Be Different or Be Dead: Does “Sameness" Really Kill?

Be different or be dead.

The implication is that if you’re not different, sooner or later you will be irrelevant and you will “die”.

Sameness kills.

The path to organizational death is predictable.

Sales revenue declines because the value proposition of the organization is limp; it has no distinctive substance.

People stop buying because the company’s offerings are no longer relevant; they no longer serve a compelling need. They lose their “edge” that was the original reason people bought from them and not their competition. Their product portfolio is now common and indistinguishable from that offered by others.

Customers migrate away, looking for more value for their money; to get their specific needs satisfied.
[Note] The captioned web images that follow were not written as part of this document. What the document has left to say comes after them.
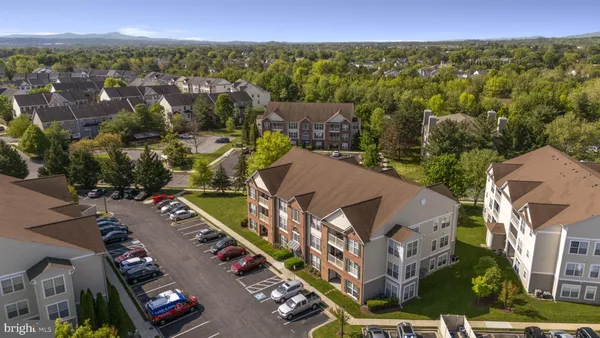 a front view of a residential apartment building with a yard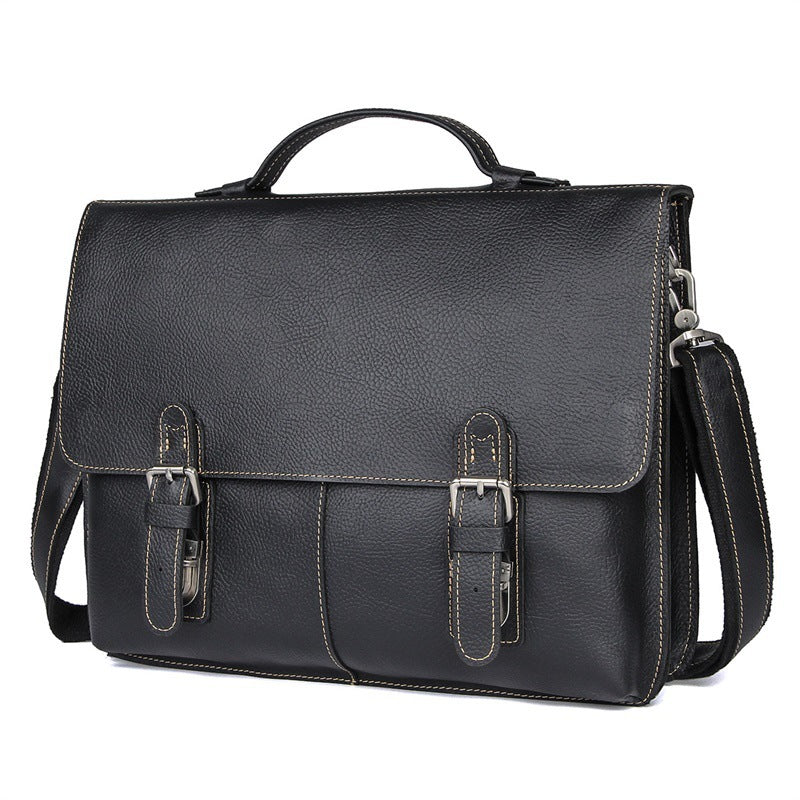 Black leather briefcase with shoulder strap on a white background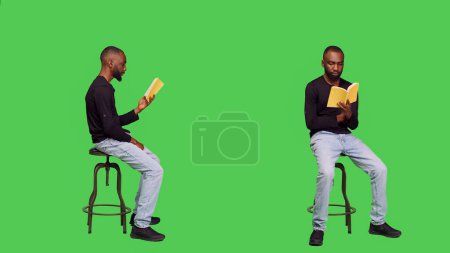 Téléchargez les photos : Une personne concentrée lisant un livre de contes en studio, assise sur une chaise sur un écran vert complet. Jeune homme optimiste profitant de roman conférence sur la caméra, activité de loisirs avec la littérature. - en image libre de droit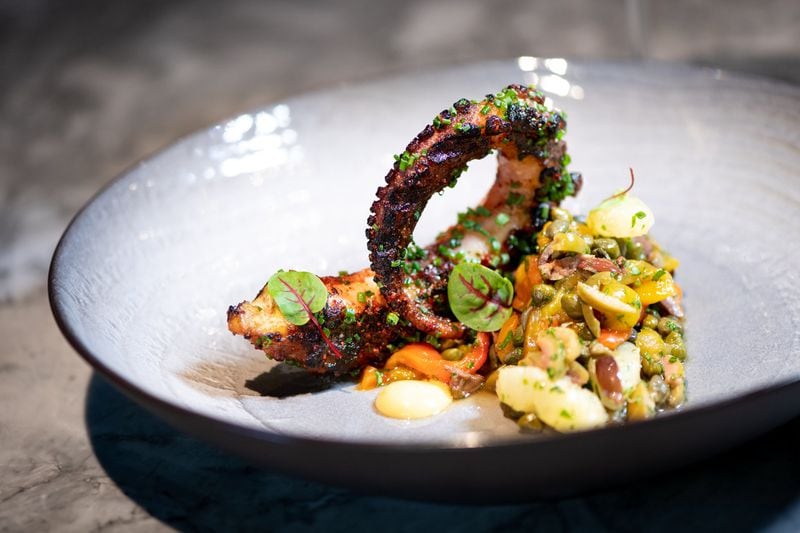 Charred Octopus appetizer with roasted red pepper, olives, capers, lemon, and olive oil. Photo credit- Mia Yakel.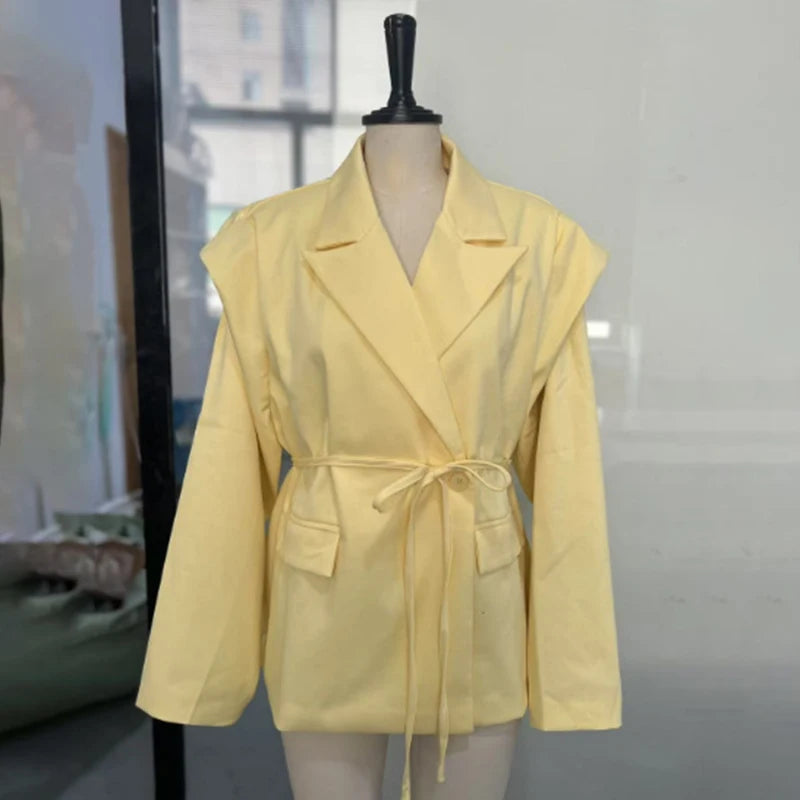 Yellow jacket on a mannequin against a white background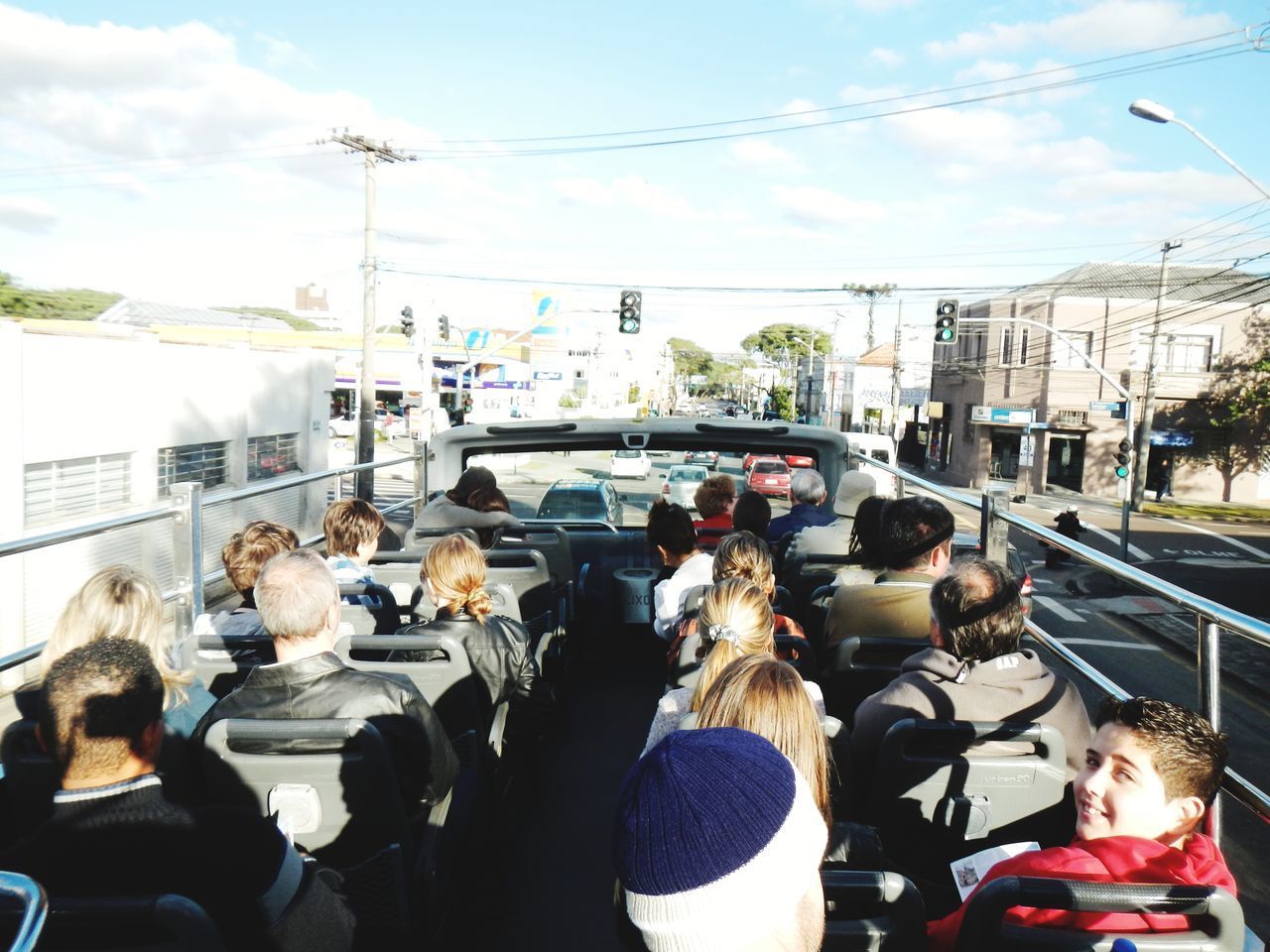 REAR VIEW OF PEOPLE ON STREET AGAINST SKY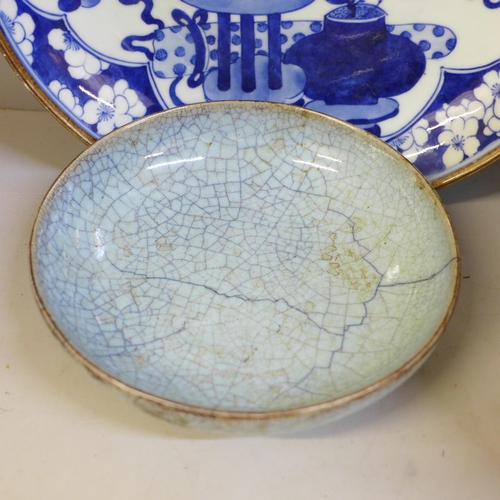 694 - A Chinese bowl with four character mark to base, a Chinese blue and white dish with six character ma... 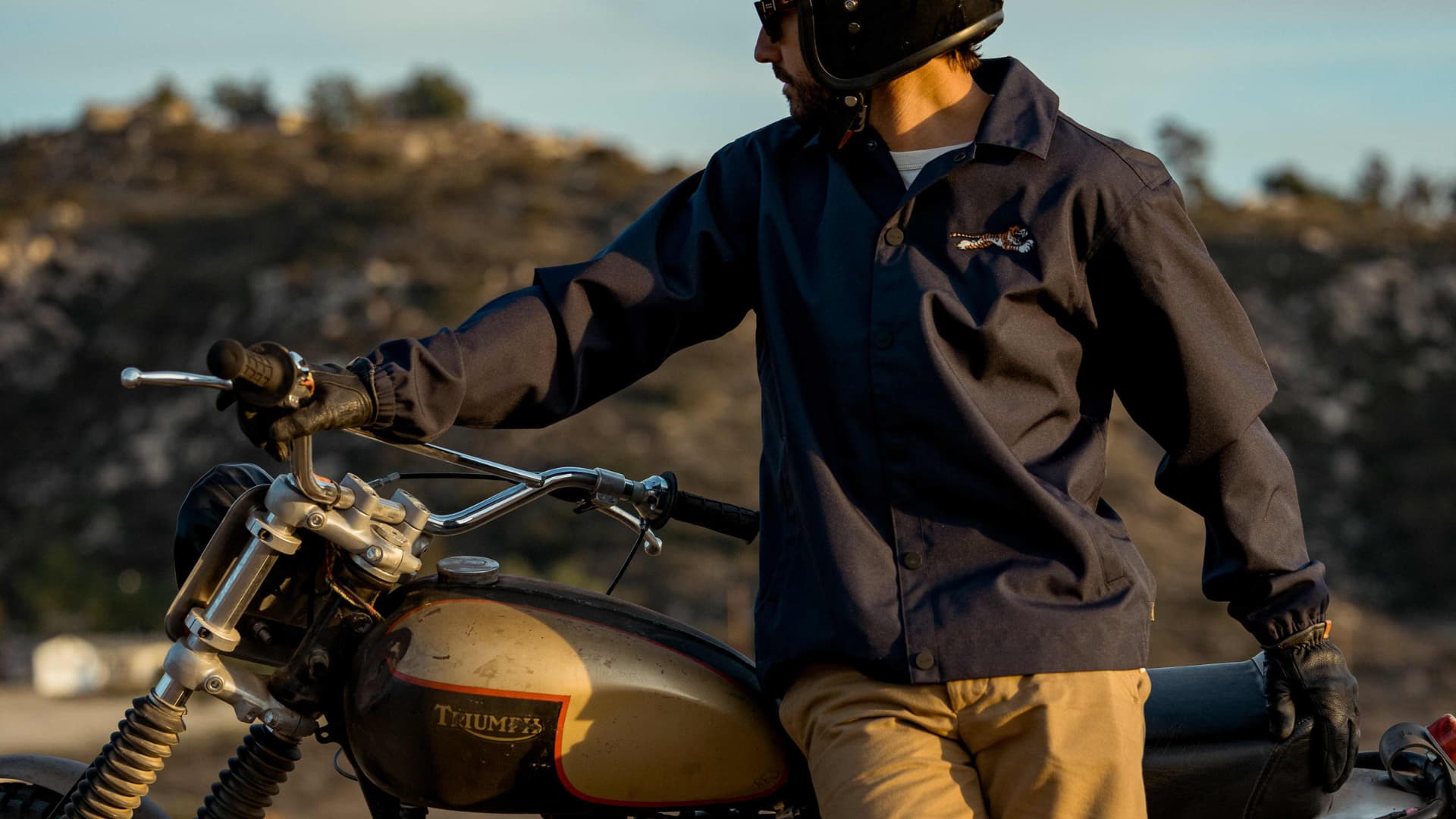 An image of a rider leaning against a Triumph Motorcycle wearing Triumph Heritage clothing.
Price cutting is invoked as the salvation, believing that lower prices will increase sales volumes. Footnote: with a limp value proposition, driving prices down also drives revenue down. Most products in the commodity category are price elastic folks!

With revenues going south, management decrees that costs be reduced to preserve operating margins. Across-the-board cost cutting is ordered as a “balanced” approach which means customer serving functions get whacked; fewer frontline people are expected to handle increased volumes of calls (from the price reductions).

Customer service suffers.

Customers look for alternative suppliers. Degenerating service creates an immediate disloyalty response. Customers find it easy to switch suppliers since so many alternatives are in their faces; they are coveted by many other providers.

Revenues spiral downward; margins are squeezed; more costs are sliced from company operations; customers are casualties.

It’s a relentless cycle.

Leadership looks for a short term strategy to reverse the trend; they are forced to abandon a longer term growth view.

The organization looks to acquisitions as a “fast and easy” way to expand their customer base and bolster their revenue line. This process burns valuable time and people resources and is limited by financial capabilities due to shrinking margins and an unhealthy balance sheet.

Acquisition activities shift priorities away from fixing the @home value proposition issues to assessing potential acquisition candidates and determine how to integrate the winner into the buyer’s overall operations and culture.

Revenues continue to decline; confidence erodes.

The cycle becomes entrenched; the organization explores selling off assets to improve financial results.

No investments are made in solving the endemic value proposition issue they face.

It’s not a matter IF they will die; it’s a question of WHEN it will happen - how long can they hang on.

When customers start to leave, they are telling you that you are becoming irrelevant; you don’t have any uniqueness relative to your competitors.

You are the SAME as them.

Fix THAT problem and the revenue line will take care of itself.